I see that /bin/su was really updated.

my make.conf

my /etc/pam.d/su

no special use flags for util-linux in /etc/portage/package.use

1. What happened to su?

2. How do I return my habitual function of su?

----------

## mv

 *lvd wrote:*   

> 1. What happened to su?

 

It was previously provided by sys-apps/shadow and is now provided by sys-apps/util-linux, the reason being that shadow upstream declared to no longer maintain su.

The implementation seems to be completely different.
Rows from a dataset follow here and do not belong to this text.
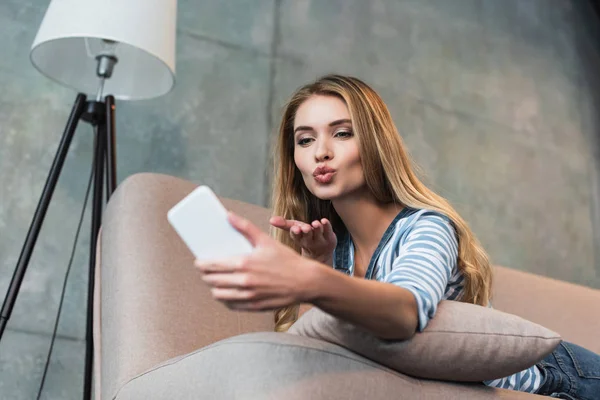 Chica adulta acostada en un sofá rosa y tomando selfie en el teléfono inteligente - foto de stock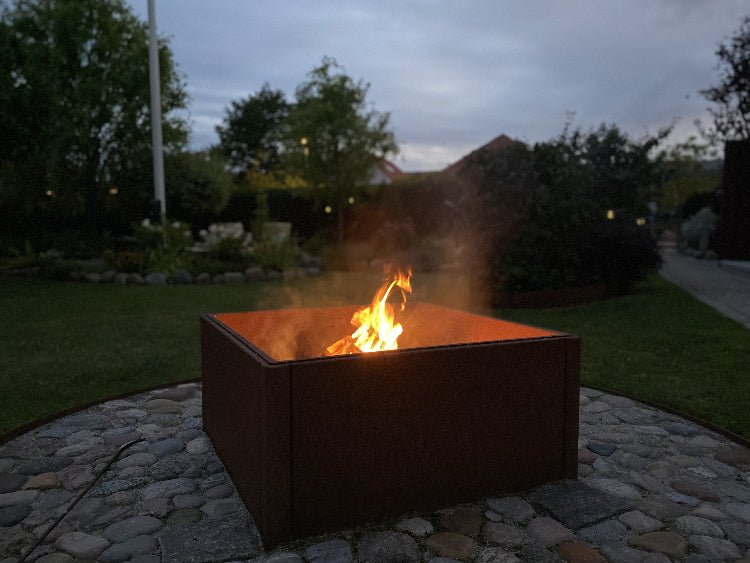 Quadratische Feuerschale aus Cortenstahl mit offener Flamme in einem Garten bei Abenddämmerung, platziert auf einer runden Fläche aus Natursteinen.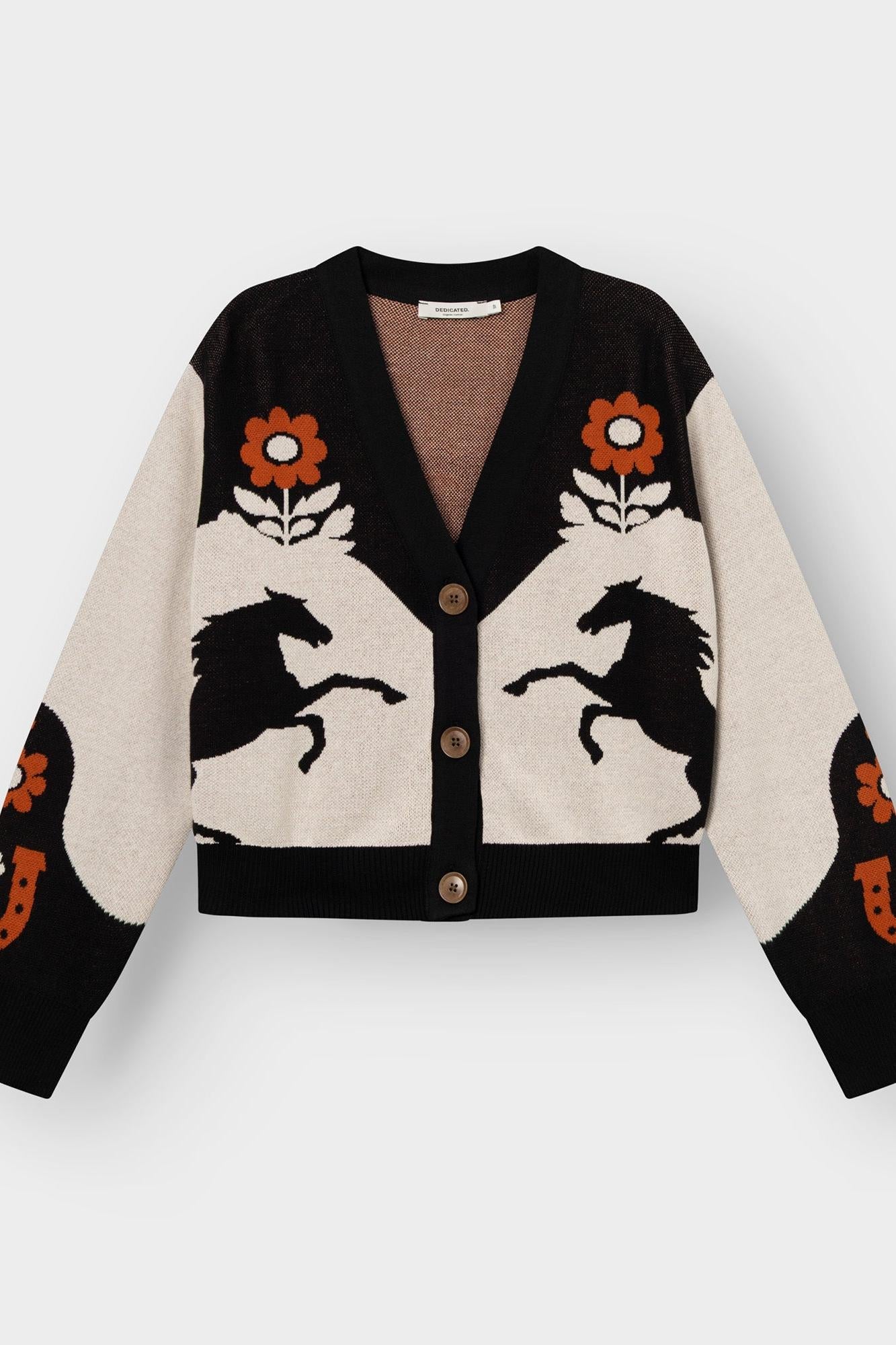 A cropped cardigan sweater with a color-blocked design of black and cream, featuring knitted horse and flower motifs, three front buttons, and long sleeves, shown flat on a light gray background.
For instance, while sys-apps/shadow could be compiled with USE=-pam, the su from util-linux seems to exclusively support a pam variant.
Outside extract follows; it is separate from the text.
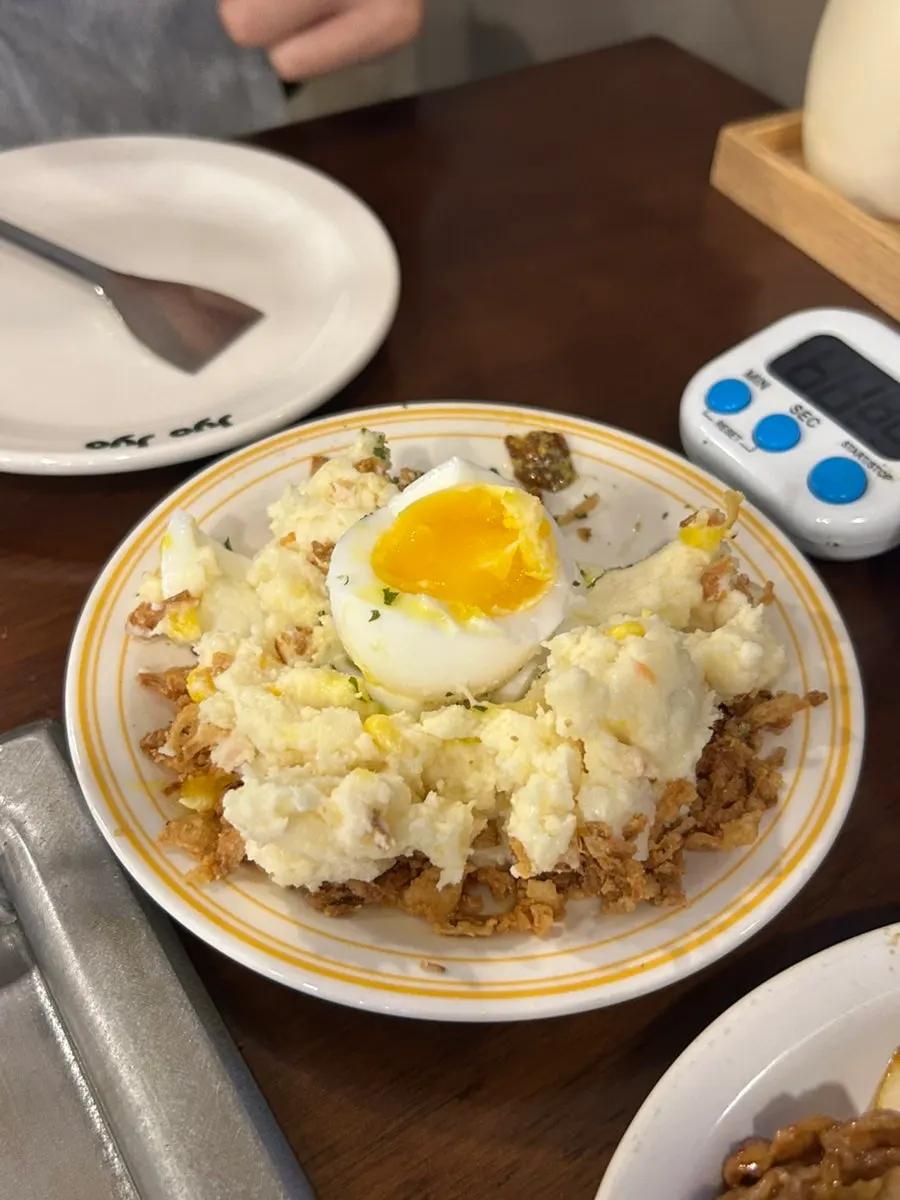 Mixing the waterfall potato with a spoon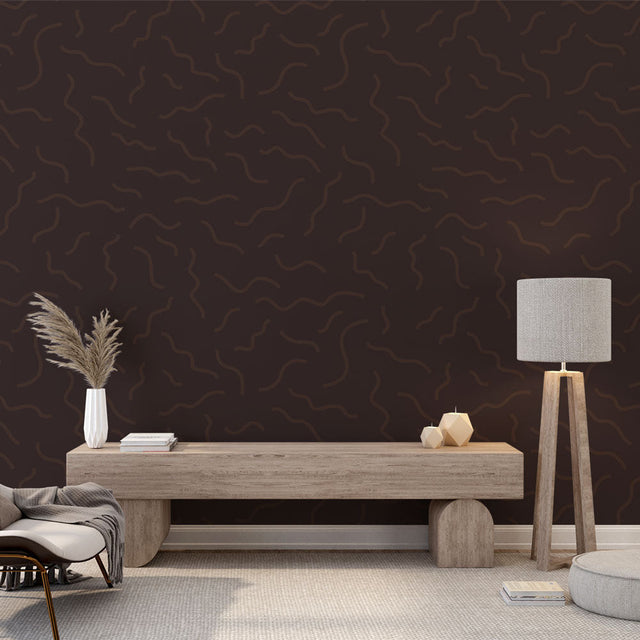 Modern brown wave pattern wallpaper displayed in a minimalist living room, creating a sophisticated focal wall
As a temporary workaround, you can probably revert the su USE-flags for shadow and util-linux, but this is no solution in the long run.

----------

## cboldt

An alternative is to find a sudo equivalent.

The systems here do not use pam, so my alternative is to doing without su.

I don't like that, but nothing I can do about it.

----------

## pjp

I wonder how difficult it would be to create a package for su from the code that was in shadow.

----------

## Leonardo.b

su is avaiable in BusyBox and suckless utils as well.

----------

## CaptainBlood

 *Leonardo.b wrote:*   

> su is avaiable in ... suckless utils ...

 Any portage package reference?

Thks 4 ur attention, interest & support.

----------

## mv

 *cboldt wrote:*   

> An alternative is to find a sudo equivalent.
> 
> The systems here do not use pam, so my alternative is to doing without su.

 

Unfortunately, I was already forced by wayland and pipewire to use logind which does not work without pam: So I already had to byte the bullet and had to enable pam in systemd (I normally don't use it as an init system, but wayland won't work with systemd[-pam] anyway), libcap, and sddm. Now I was also forced to enable it in util-linux. My system is getting less and less secure, but having sudo as the only way to become root appears too unreliable to me. Especially since I have some root scripts which rely on su to work with less permissions (as this is the only POSIX way, though I am thinking about changing to perl or relying on zsh features for such cases).

----------

## eccerr0r

su to another user is part of POSIX regardless of pam or not, and I'd think it should be reported as a bug to util-linux if it is one.  Haven't picked up the change on my machines yet, so I guess I'll have to do this upgrade soon to do some debug ...

----------

## mv

 *eccerr0r wrote:*   

> su to another user is part of POSIX regardless of pam or not, and I'd think it should be reported as a bug to util-linux if it is one.

 

I found no comment in the upstream changelog between 2.37.2 and 2.37.3, but the ebuild contained the dependency on pam only for the latest version.

And it is not a bug in the ebuild: The configure file explicitly checks whether pam is enabled when su should be created. Due to this explicit check, it is clear that it was not an overlook by upstream, either. So I doubt that a bug report would be successful. I conjecture, they are simply too lazy to maintain a non-pam parser of passwd etc, apparently the same what happened to the shadow project.

----------

## Anon-E-moose

All that happened is that the "su" use flag was not set "+" in the shadow ebuild, but it's still there and the latest from shadow git still shows su as there.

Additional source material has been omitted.